■ What you have to do
Locate "3 metri) Mâner" in the records below, then copy its line and every following line exactly, without the pictures.

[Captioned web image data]
↓

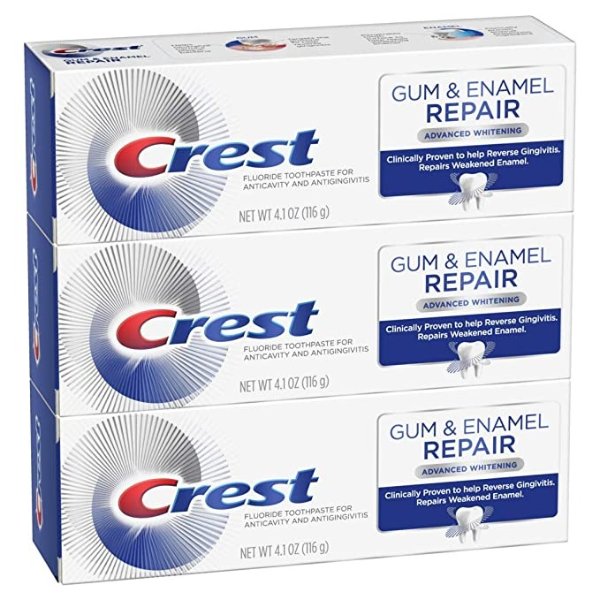 Gum & Enamel Repair Toothpaste, Advanced Whitening, 4.1oz (Pack of 3) ( Packaging May Vary )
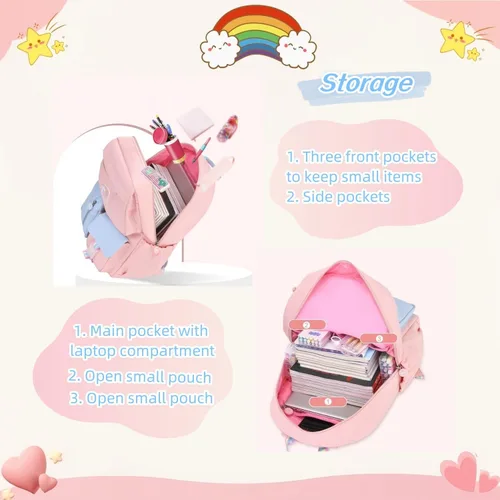 Miniatura 5 de Mochila escolar para niñas para escuela primaria ligera, Rosa Azul, Classic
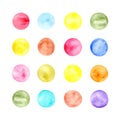 Round water color pattern on the white background. Globs of vivid colors. Ornament of colorful circles.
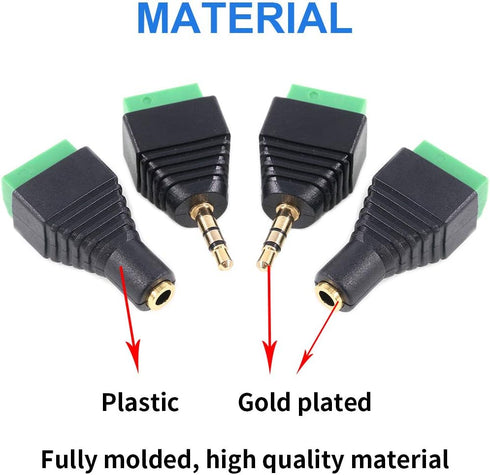 Glarks 8Pcs 3.5mm(1/8inch) Stereo Audio Balanced Male & Female Jack to AV 3-Screw Video Balun Terminal Adapter Connector...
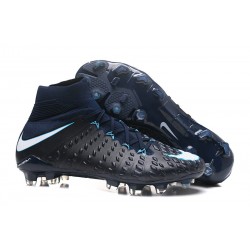 Nuevo Zapato de Fútbol Nike HyperVenom Phantom III DF FG Negro Blanco Azul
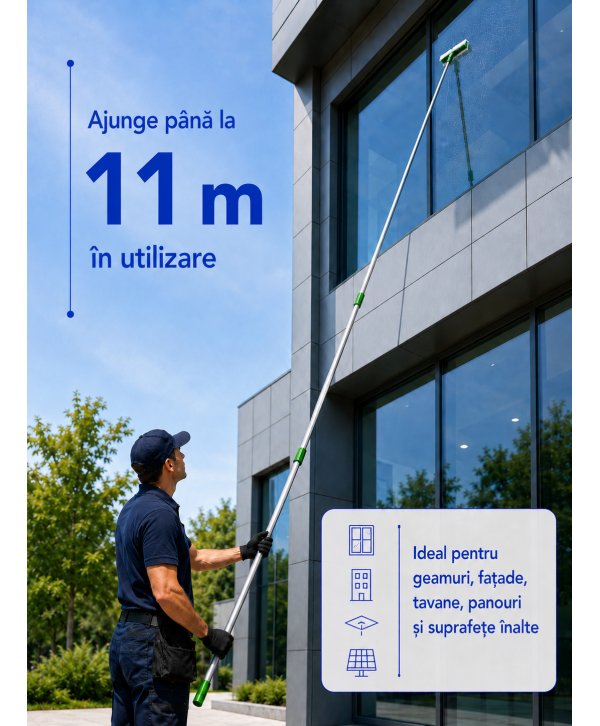 Mâner Telescopic Profesional din Aluminiu pentru Curățenie la Înălțime Extrema - 9 metri (3 buc x 3 metri) Mâner Telescopic Profesional din Aluminiu pentru Curățenie la Înălțime Extrema - 9 metri (3 buc x 3 metri)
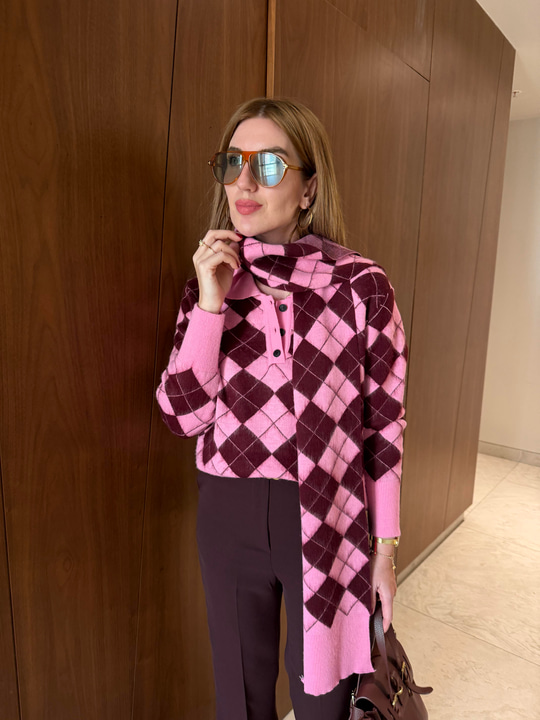 Pembe & Bordo Baklava Desenli , Yumuşacık Atkılı Triko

↑

■ Result of the task
 Mâner Telescopic Profesional din Aluminiu pentru Curățenie la Înălțime Extrema - 9 metri (3 buc x 3 metri) Mâner Telescopic Profesional din Aluminiu pentru Curățenie la Înălțime Extrema - 9 metri (3 buc x 3 metri)
 Pembe & Bordo Baklava Desenli , Yumuşacık Atkılı Triko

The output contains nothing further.